Recorded data:
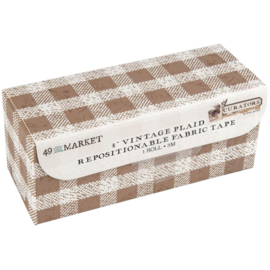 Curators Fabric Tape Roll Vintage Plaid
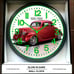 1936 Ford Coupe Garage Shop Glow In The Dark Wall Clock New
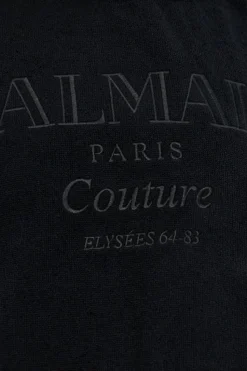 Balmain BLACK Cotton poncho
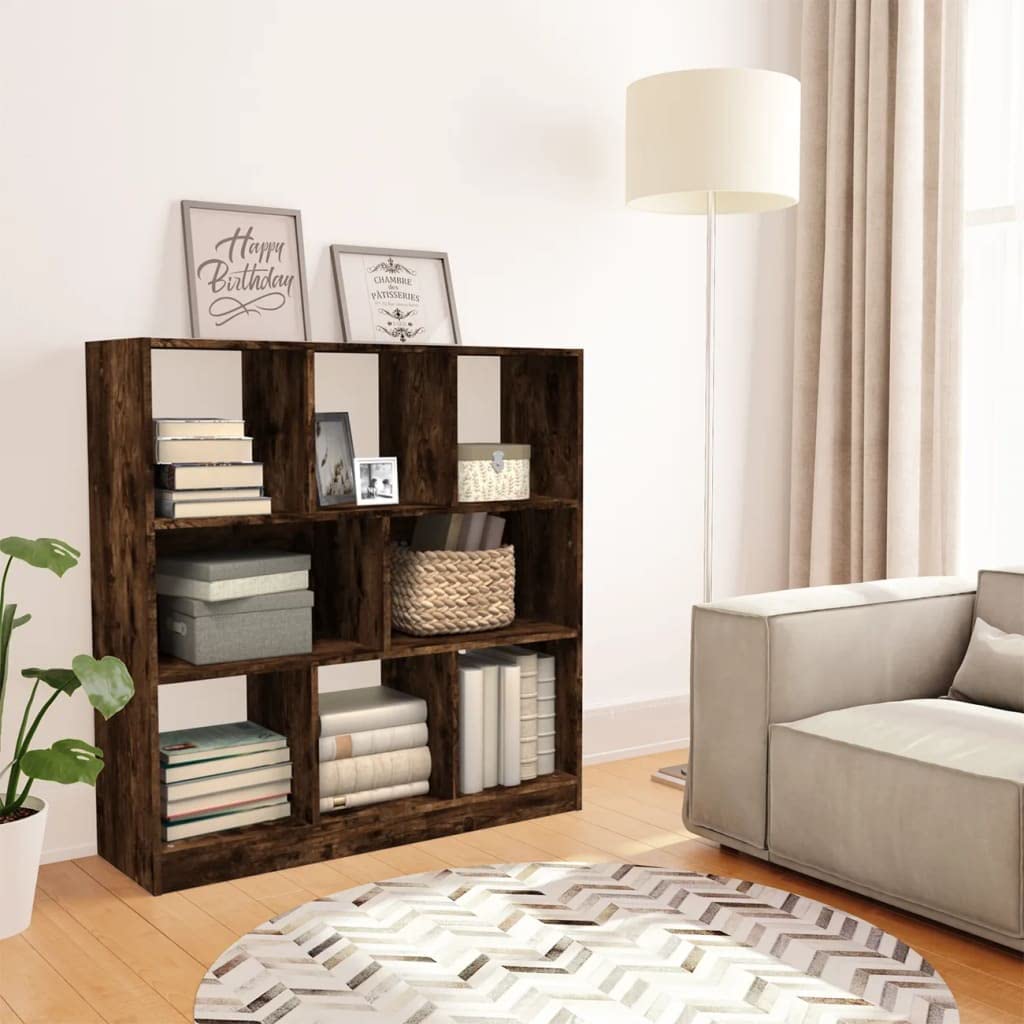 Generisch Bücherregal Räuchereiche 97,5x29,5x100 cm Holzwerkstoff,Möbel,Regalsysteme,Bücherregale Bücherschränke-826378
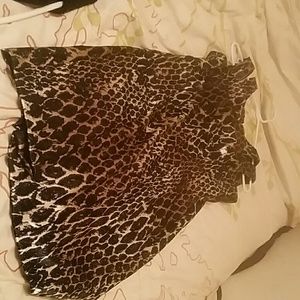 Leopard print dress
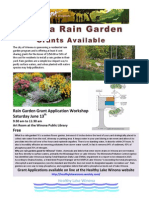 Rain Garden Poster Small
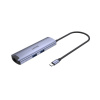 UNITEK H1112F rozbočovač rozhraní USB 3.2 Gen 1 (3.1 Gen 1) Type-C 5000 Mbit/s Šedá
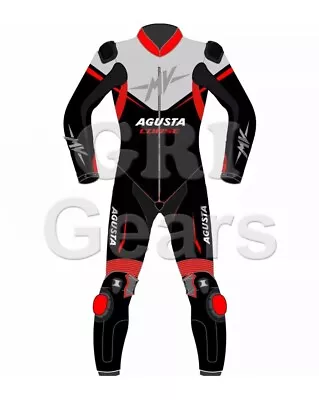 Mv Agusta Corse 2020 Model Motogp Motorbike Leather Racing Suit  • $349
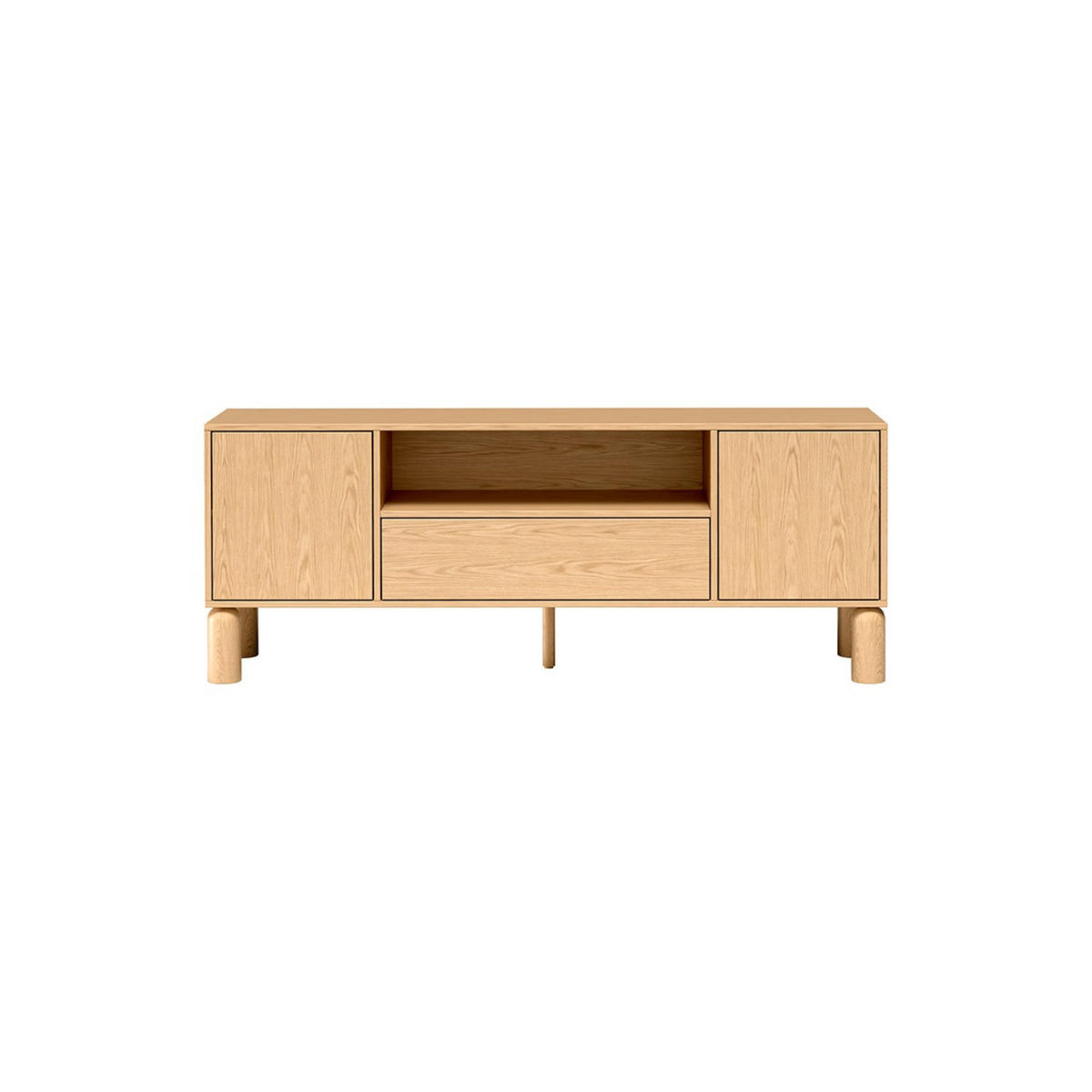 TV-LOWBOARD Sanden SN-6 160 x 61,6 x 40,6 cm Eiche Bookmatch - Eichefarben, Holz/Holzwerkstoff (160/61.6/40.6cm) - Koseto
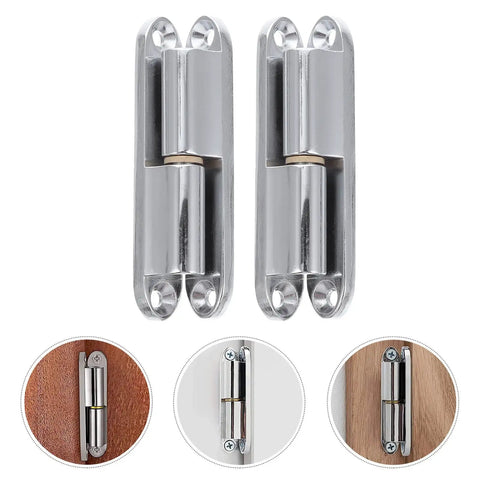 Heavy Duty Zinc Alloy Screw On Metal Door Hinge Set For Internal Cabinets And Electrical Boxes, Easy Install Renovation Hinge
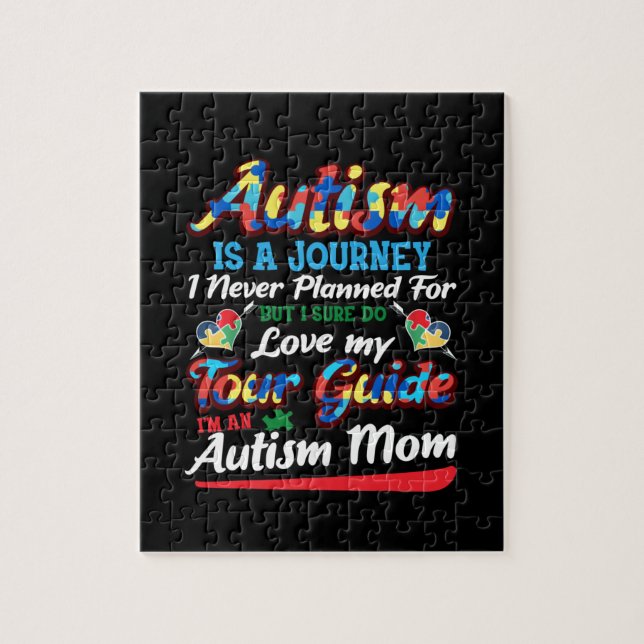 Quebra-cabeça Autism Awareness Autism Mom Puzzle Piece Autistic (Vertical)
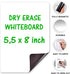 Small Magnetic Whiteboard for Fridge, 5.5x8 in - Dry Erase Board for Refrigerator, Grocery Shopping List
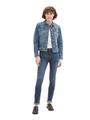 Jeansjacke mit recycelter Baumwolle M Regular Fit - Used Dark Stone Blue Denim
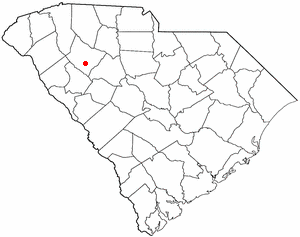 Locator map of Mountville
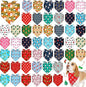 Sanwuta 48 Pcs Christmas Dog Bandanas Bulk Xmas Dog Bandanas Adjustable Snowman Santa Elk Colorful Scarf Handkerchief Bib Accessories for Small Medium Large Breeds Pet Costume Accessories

→ **Work to be completed**:
Leave out every picture, and copy exactly the lines above starting at the one holding "Quebra-cabeça Autism Awareness" and ending at the one holding "Locator map of Mountville", no more and no less.

→ **Exercise response**:
 Quebra-cabeça Autism Awareness Autism Mom Puzzle Piece Autistic (Vertical)
 Small Magnetic Whiteboard for Fridge, 5.5x8 in - Dry Erase Board for Refrigerator, Grocery Shopping List
 Jeansjacke mit recycelter Baumwolle M Regular Fit - Used Dark Stone Blue Denim
 Locator map of Mountville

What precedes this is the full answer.